Os povos dos trópicos são luminosos,
tem o coração cortado pela linha do Equador

Uma flecha acerta-lhes como alvo
e assim despejam-se nas águas mornas

O corpo em feridas que sangra se cura
se levanta em sal pra render a vida vindoura

Os povos dos trópicos são mumificados para que
durem milênios, tornam-se pais e mães de todos os povos

A pele, uma vez que habita o sal
assume o estatuto da eternidade

Espera o seu retorno
Esperam a chegada do seu reinado

 

 

 

***

 

 

 

Envenenei o céu pra que você
não visse morrer a segunda filha
o socialismo é um programa
é uma fenda no meu umbigo
é uma pasta de grão de bico
sob uma torrada com azeite
cancelei o café diário
que equivale ao suicídio sem extremismos
quantos estômagos são necessários
pra digerir a graxa que você passou¿
quantos fígados precisas
pra filtrar todo álcool necessário
de seguir viva?
Perguntam-me como estou?
efetivamente viva
por vezes, nem tanto
quase sempre
esta parte, omito
omissão é a caverna eficiente dos ineficientes
não se compartilha maledicências
dores amargores brotoejas
feridas abertas são constrangedoras
e já não há mais ninguém em condições
tenha selfies sorridentes e esbeltas
braços abertos, rei do mundo
as minorias se adequam
ou desaparecem

antagonismos a parte
o socialismo é um programa

 

 

 

***

 

 

 

soou-me o alarme às seis
soa tal o uivo de uma cadela
guindasteei-me na força de uma mãe
servi melão pão café leite
ele partiu porque filhos partem
e levou a matéria orgânica dos dias
esvaziei-me e vazia dei a mim
trinta convalescentes minutos
curei-me da morte numa pilha de pratos
uma típica manhã: caríbdis no inox

 

 

 

***

 

 

 

enxergo através dos muros
embebida em sangue vermelho
me afundo em sede espessa
enquanto passeiam gabirus
em fuga dos cozinheiros e serventes
com suas vassouras sujas
não interfi ro: observo acompanho
e
pra que não adentrem meus sonhos
cerro as janelas

 

 

 

***

 

 

 

Tereza olhou-me
meteu medo até em xangô
como um rio e seu poder
adentrou em mim
aventurou-se de mim

Nos olhos lustrados de Tereza
centelhas podem ferir

seu flanco não é mais o mesmo
não é mais do mesmo
seu flanco é todo ele meu flanco
meu flanco nunca será o mesmo
depois de suar sob o teu

pelo cabelo aproximei-me
ajoelhei, pedi uma benção

Tereza, isto é uma carta:
– Quero beijar-te agora.
Salva-me!

 

 

 

***

 

 

 

sobre janelas
e casas grandes
[coloniais]

desconforto é aquilo que se sente
quando cortam sua língua

desconforto é aquilo que se sente
quando te arrancam de uma zona
que você não planejou sair

território
ocupação
produção
distribuição

Liberdade é campo de batalha

todo corpo é uma
metáfora bélica

 

Manuella Bezerra de Melo é uma jornalista, investigadora e escritora brasileira residente em Portugal.

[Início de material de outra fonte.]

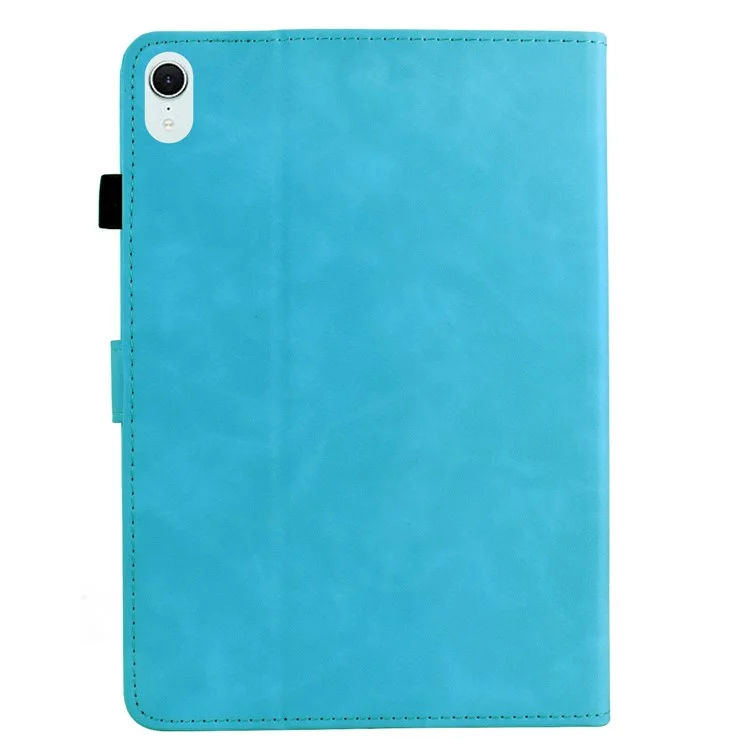 Étui pour iPad mini (2024) / (2021) avec Motif Mandala Imprimé en Cuir et Emplacements pour Cartes - Bleu Ciel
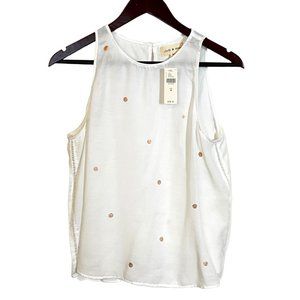 White Tank Top with Pink Metallic Pot-a-dots (Anthropologie, Cloth & Stone, Med)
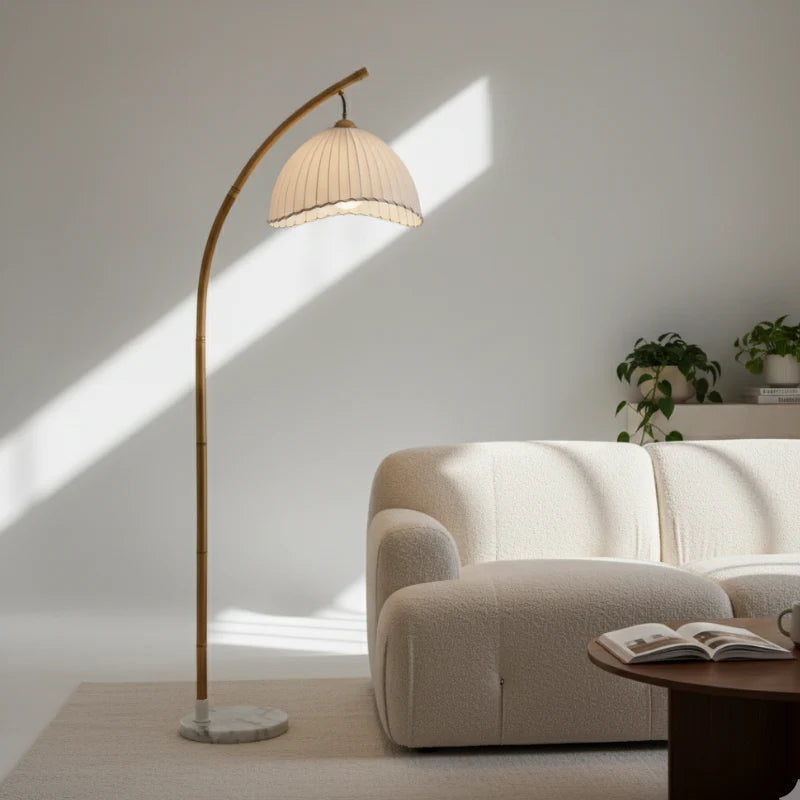Minimalist Bamboo Floor Lamp with Fabric Shade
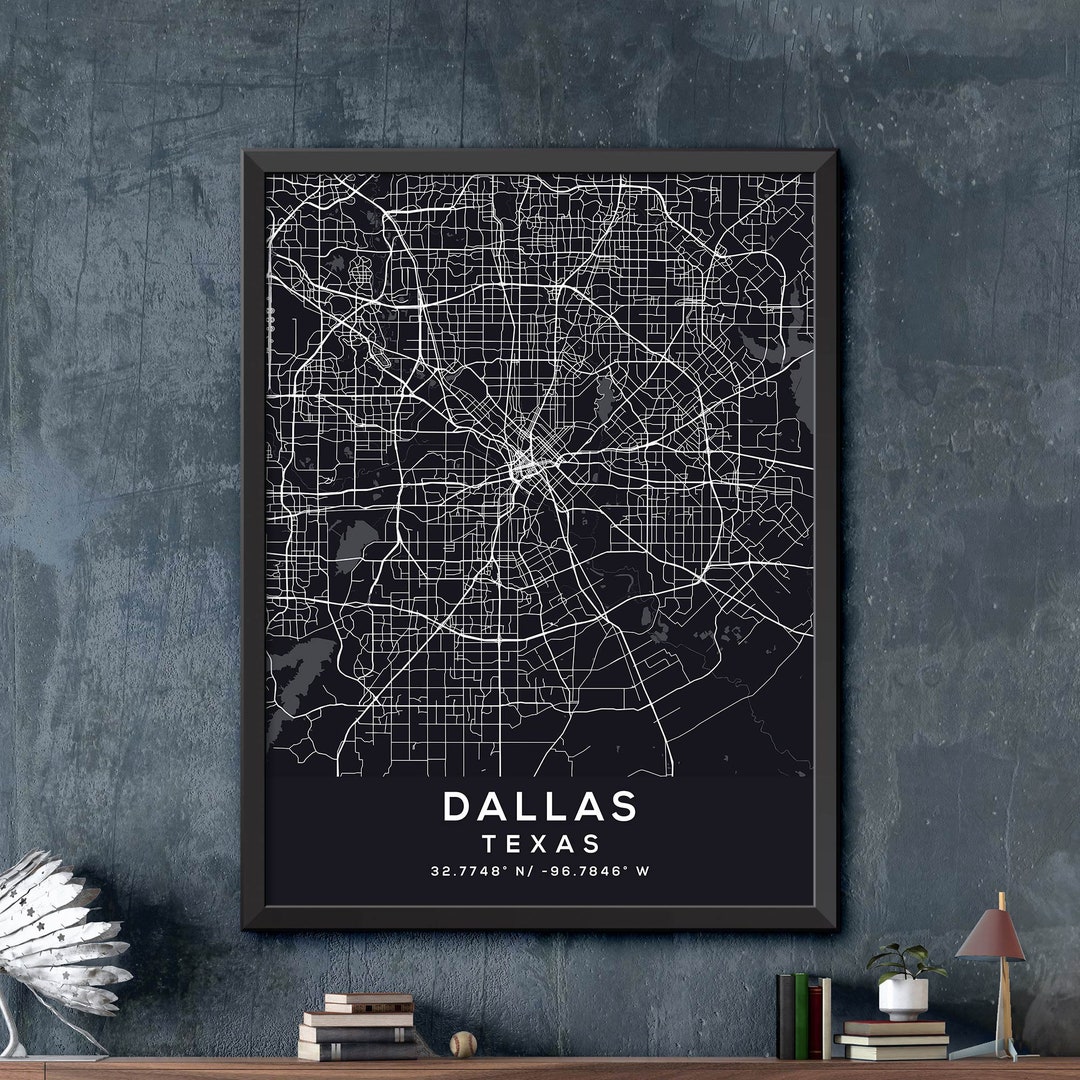Dallas Texas Map Print Dallas Texas City Poster Vintage City Etsy UK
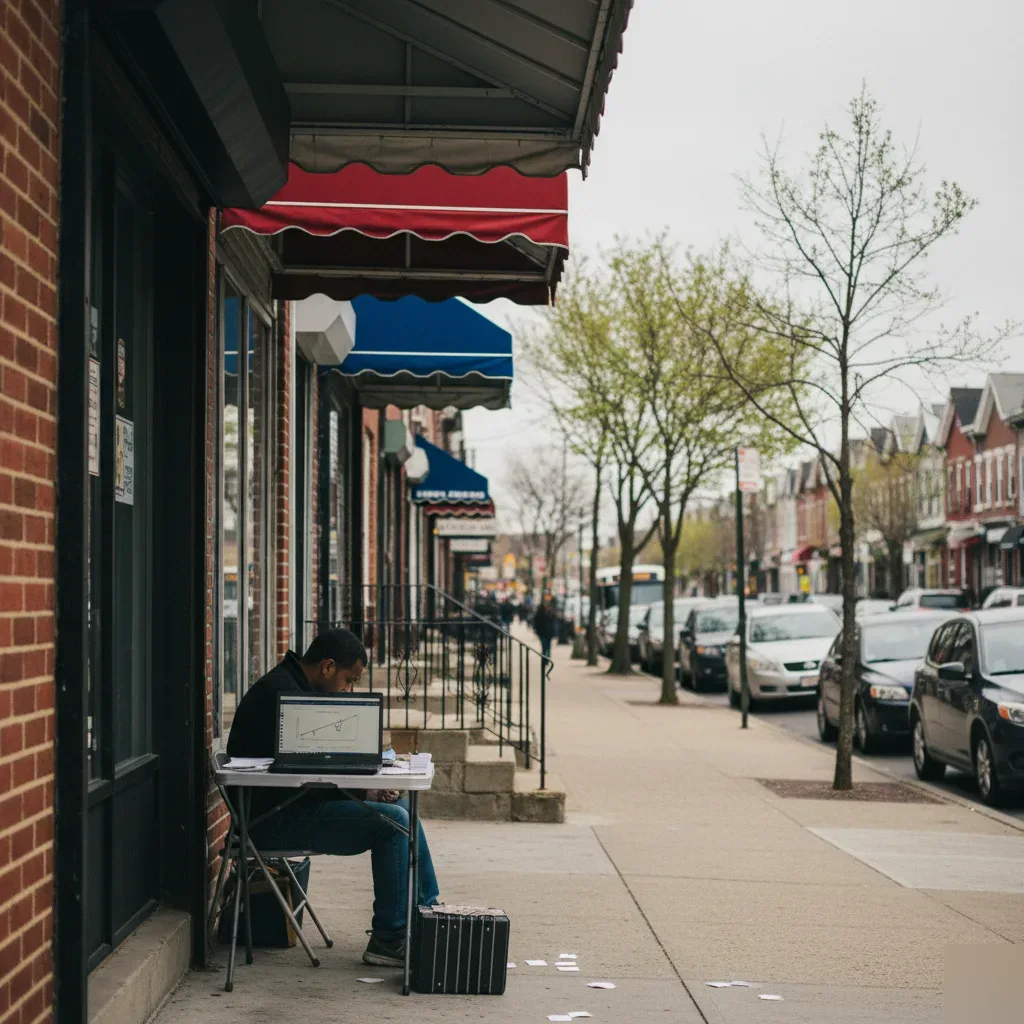 Person reviewing QuickBooks financial records on a laptop outside a brick storefront on a Union City, NJ commercial street.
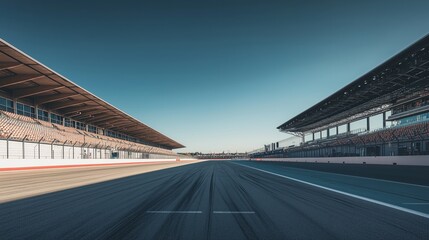 A dramatic, empty racing track under a clear sky, with spectator seats lining the sides. The stillness contrasts with the vibrant anticipation in the air, as if waiting for the action to begin.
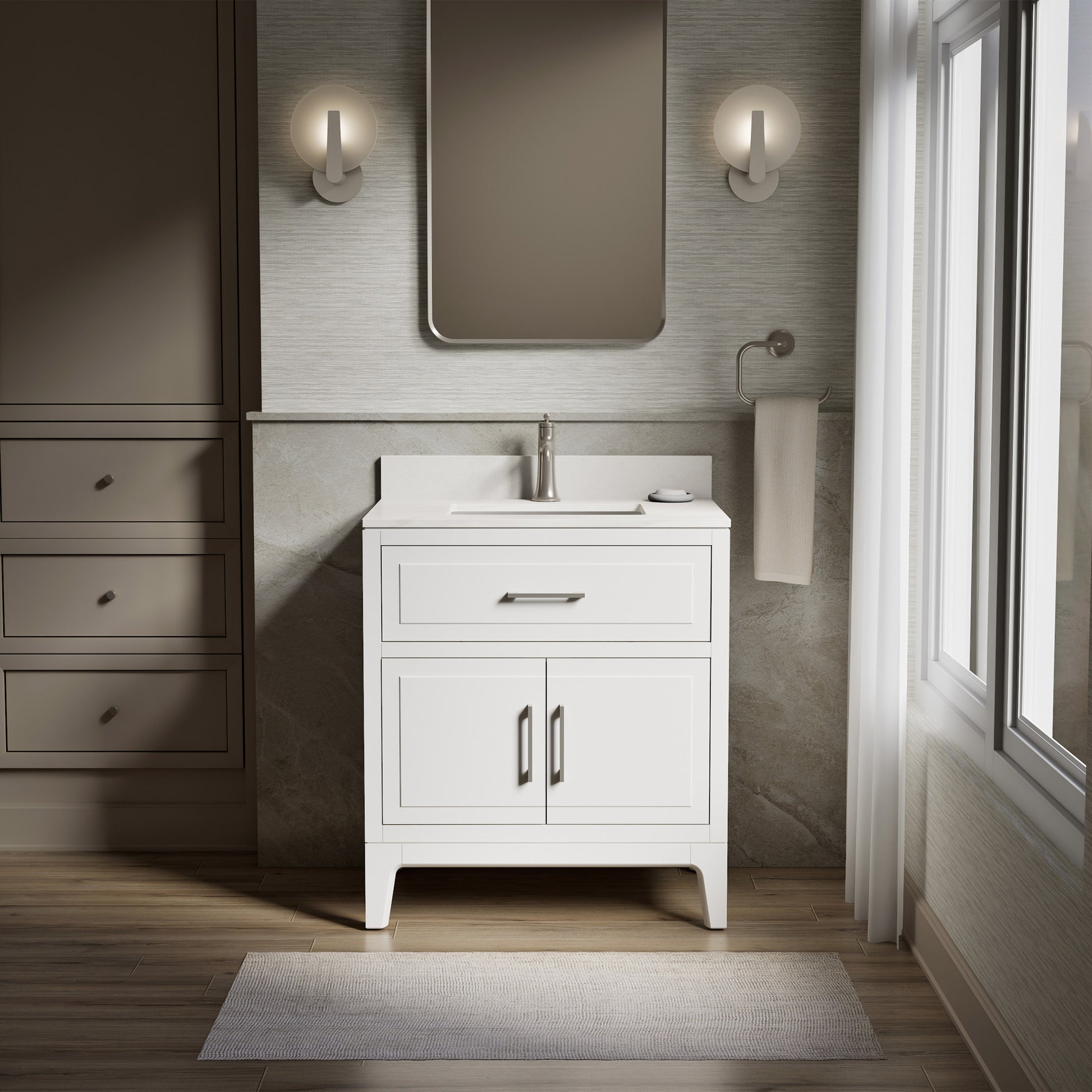 Tio Bathroom Vanity Cabinet with Sink and Quartz Top in White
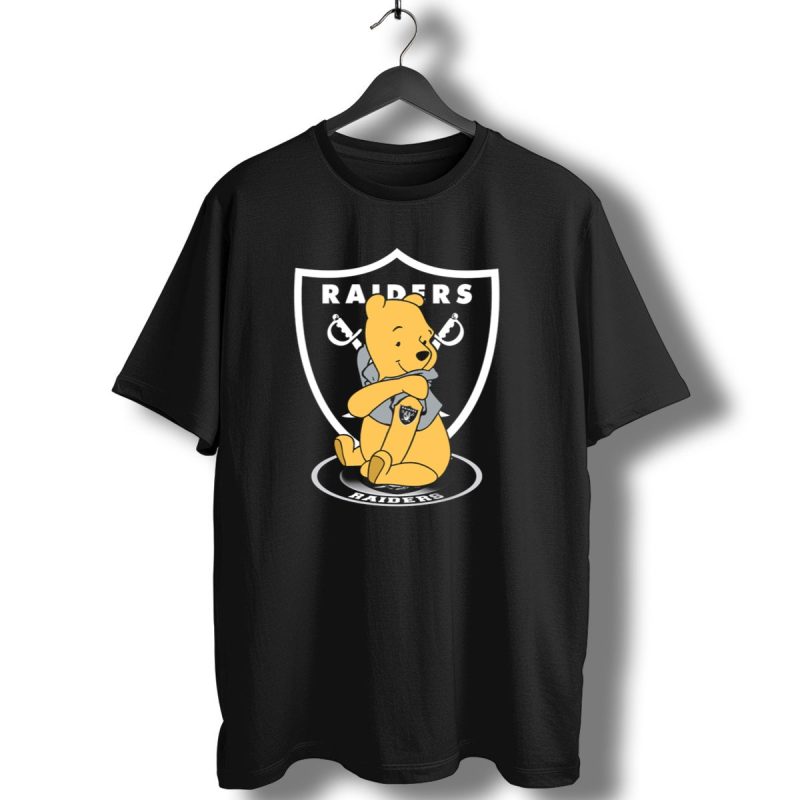 Pooh Hugging Raiders Football Emblem T Shirt 1 T Shirt 1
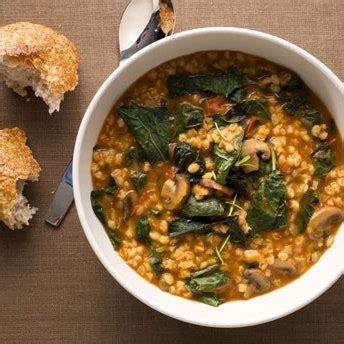 barley-stew-with-leeks-mushrooms-and-greens image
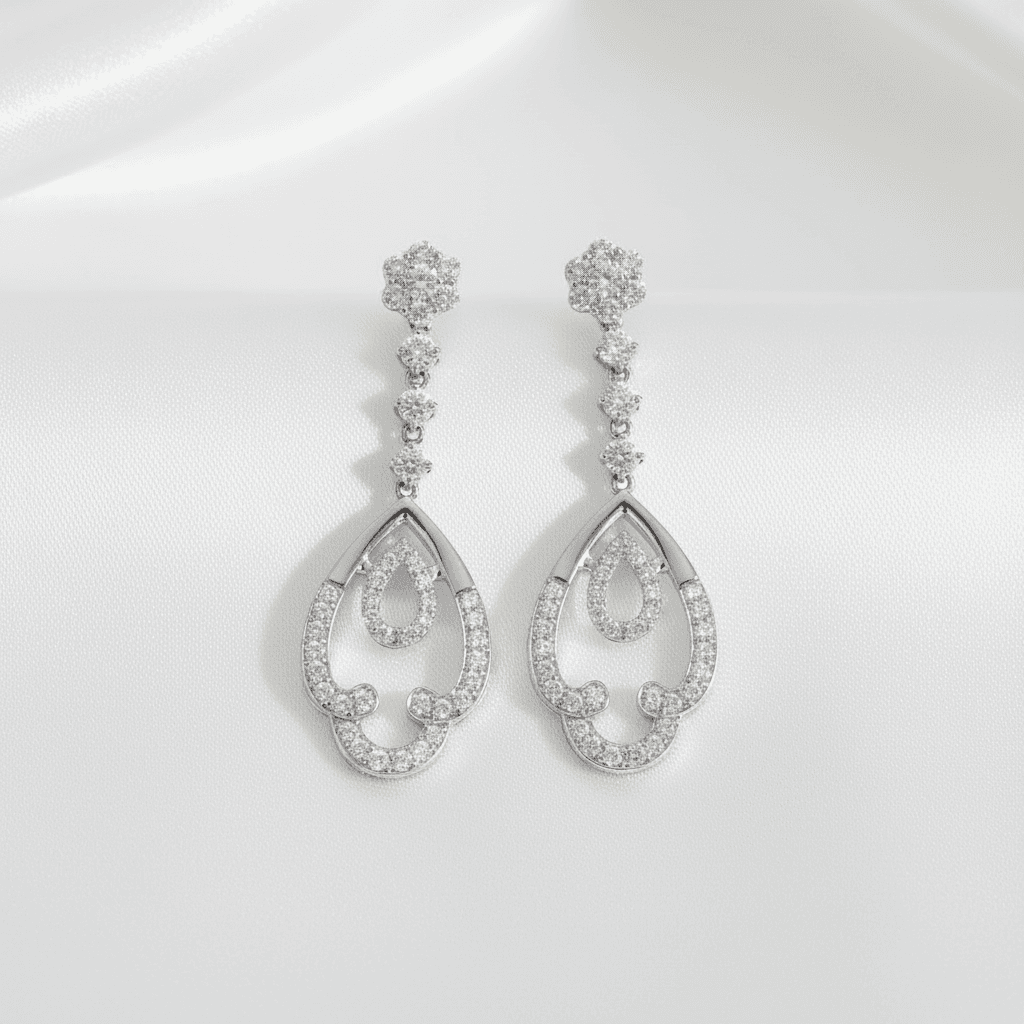 Teardrop Pear Diamond Drop Earrings — E013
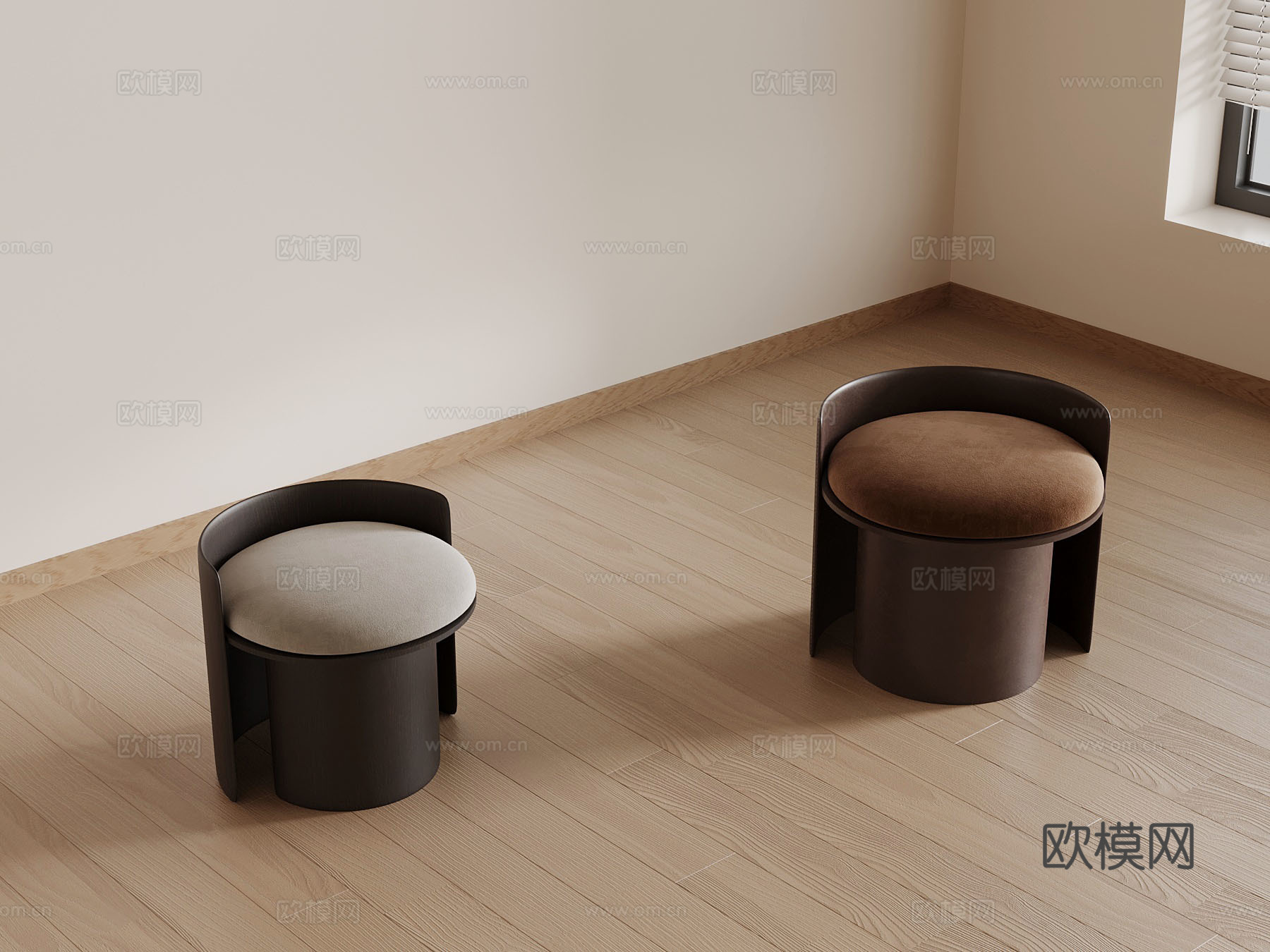 现代沙发凳 矮凳su模型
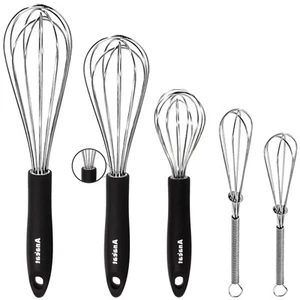 Stainless Steel Kitchen Whisk Set of 5, Milk and Egg Beater Blender with Thic... - Picture 1 of 8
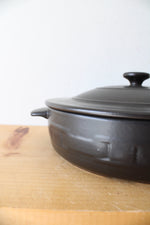 Longaberger Flameware Pottery Braiser Black Ebony Lidded Serving Dish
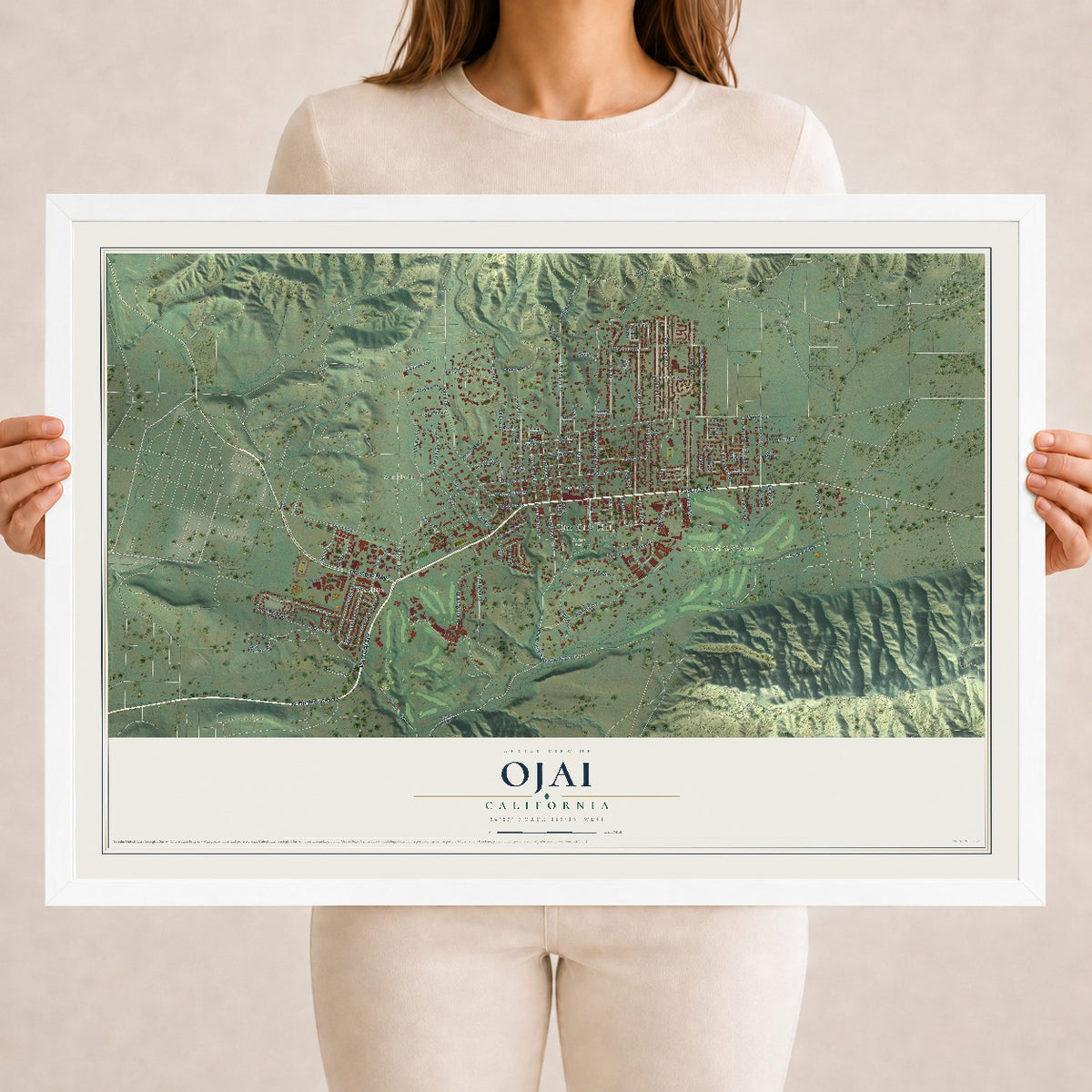 Map of Ojai, California, 18 x 24 inch print in a white wood frame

Autora de “Pés Pequenos pra tanto corpo” (Urutau) e “Pra que roam os cães nessa hecatombe” (Macabéa), “Um fado atlântico” (Urutau) e “A Fissura” (no prelo pela editora Zouk), é organizadora e curadora da coleção de antologias VOLTA para tua terra de escritores estrangeiros. Pós-graduada em Literatura brasileira e interculturalidade (Unicap), é mestre em Teoria da Literatura e Literaturas Lusófonas (Uminho) e bolseira no Programa Doutoral em Modernidades Comparadas; Literaturas, artes e culturas da Universidade do Minho.